Wednesday, 27 August 2008

vs. Ajax Treesdown 27/08/08 20:30 (7:2)

LOST 16-2
M*tt, L*o, St*ve1, Al*n, Little M*ke1, N*than

“Two bodies have I. Though both joined in one. The stiller I stand. The faster I run.”

I would have personally preferred something like “Headsoff” or “Floor Cleaner”, but who am I to criticise the dearth of imaginative names. Yet if there was any reason to believe that The Molly Maguires had reached their nadir last week, that reason was suffocated under the cannon fodder corpses of tonight’s match.

When there are times like these, you wish that one of the old boys would finally reveal that he hasn’t been telling us the truth, is actually a secret millionaire, was looking for a worthwhile charitable cause. And found it in us.

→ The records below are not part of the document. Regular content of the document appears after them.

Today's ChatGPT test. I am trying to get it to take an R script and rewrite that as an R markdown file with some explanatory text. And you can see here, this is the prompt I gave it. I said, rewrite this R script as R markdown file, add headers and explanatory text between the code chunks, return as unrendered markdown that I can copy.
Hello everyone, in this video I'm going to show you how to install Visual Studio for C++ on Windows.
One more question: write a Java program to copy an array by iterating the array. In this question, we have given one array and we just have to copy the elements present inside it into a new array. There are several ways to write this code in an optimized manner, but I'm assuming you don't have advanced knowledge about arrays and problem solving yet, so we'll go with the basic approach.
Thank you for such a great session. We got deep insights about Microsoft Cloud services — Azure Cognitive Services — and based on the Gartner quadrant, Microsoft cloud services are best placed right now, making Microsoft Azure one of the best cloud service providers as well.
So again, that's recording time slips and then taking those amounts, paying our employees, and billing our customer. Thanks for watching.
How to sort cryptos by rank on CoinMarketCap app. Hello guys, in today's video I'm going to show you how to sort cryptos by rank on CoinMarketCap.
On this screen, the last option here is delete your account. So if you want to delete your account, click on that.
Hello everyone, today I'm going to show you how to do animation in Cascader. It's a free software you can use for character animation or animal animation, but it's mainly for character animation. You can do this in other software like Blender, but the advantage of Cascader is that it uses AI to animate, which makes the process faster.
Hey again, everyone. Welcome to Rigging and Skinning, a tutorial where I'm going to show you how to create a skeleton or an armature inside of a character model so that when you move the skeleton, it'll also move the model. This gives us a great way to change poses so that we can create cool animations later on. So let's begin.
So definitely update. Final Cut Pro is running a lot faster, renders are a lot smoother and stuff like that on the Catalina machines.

When an opposition player asks you if your keeper has a twin brother who can play for them even whilst the gaffer’s letting in 16 goals, and we barely trouble them with two, you just know you’re having a bad day.

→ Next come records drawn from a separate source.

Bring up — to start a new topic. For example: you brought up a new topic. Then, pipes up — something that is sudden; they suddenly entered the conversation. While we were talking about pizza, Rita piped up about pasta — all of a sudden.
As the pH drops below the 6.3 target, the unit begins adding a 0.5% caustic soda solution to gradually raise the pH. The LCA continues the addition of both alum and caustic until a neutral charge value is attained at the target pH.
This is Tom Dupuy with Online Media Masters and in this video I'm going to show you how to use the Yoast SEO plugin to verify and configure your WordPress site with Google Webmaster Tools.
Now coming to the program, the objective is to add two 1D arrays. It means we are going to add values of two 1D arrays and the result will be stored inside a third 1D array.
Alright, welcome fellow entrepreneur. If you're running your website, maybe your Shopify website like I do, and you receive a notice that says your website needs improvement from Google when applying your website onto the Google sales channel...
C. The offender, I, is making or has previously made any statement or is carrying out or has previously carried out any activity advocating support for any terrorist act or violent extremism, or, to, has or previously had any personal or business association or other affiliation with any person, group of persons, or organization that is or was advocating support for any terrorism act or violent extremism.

When your primary striker is, an emo-fringed 14 year old who can’t track back, and can’t beat two defenders (I’m bemoaning the attempt, not the failure), supported by a middle-aged winger who can run the whole length of the pitch, lose it without getting a shot off, and then has to run back the entire length of the pitch to prevent the counter-strike, goals are going to be as hard to come by, as watching a Madonna nude scene is hard to cum by.

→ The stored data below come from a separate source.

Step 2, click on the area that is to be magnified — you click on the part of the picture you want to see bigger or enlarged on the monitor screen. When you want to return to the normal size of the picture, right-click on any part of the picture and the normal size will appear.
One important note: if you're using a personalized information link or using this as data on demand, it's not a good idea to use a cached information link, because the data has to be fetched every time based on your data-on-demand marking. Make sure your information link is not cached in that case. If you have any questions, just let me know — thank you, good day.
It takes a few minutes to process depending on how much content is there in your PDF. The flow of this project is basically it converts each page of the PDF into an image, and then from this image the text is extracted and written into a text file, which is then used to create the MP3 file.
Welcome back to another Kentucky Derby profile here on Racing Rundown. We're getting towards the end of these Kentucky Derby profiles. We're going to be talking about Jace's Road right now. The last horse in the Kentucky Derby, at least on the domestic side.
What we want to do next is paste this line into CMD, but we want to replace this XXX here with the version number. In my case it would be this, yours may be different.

When your primary defender is unable to hold his position at the heart of defence, because he deludingly thinks he can impact the forward threat, supported by a brittle-boned mad-dog whose free-kicks are so slow that the tide has time to come in and go out again, then goals are going to be conceded with the same regularity afforded by a Senokot laced prune juice.

When one of your more skilled players comes onto the pitch, with the warm-up equivalent of a Thai massage, lasts barely two minutes, and then hobbles off with a foot injury that sees him charged just 50p for his contribution, then the balance of the team is more shot away, then the creative genius who green-lit that sick Orangina ad with bikini-wearing giraffes.

With our season now two games into the swing, we’re coming across like the Derby County of this league, and with a severely limited number of available players, like the genepool in Cornwall, we may as well be starting with a minus 22 points for our financial iwrongularities. There’s no Baby Bentleys to be sold off in this team, just a damaged rickshaw, a sunken battleship, a deflated Zorb ball and a Cortina on bricks.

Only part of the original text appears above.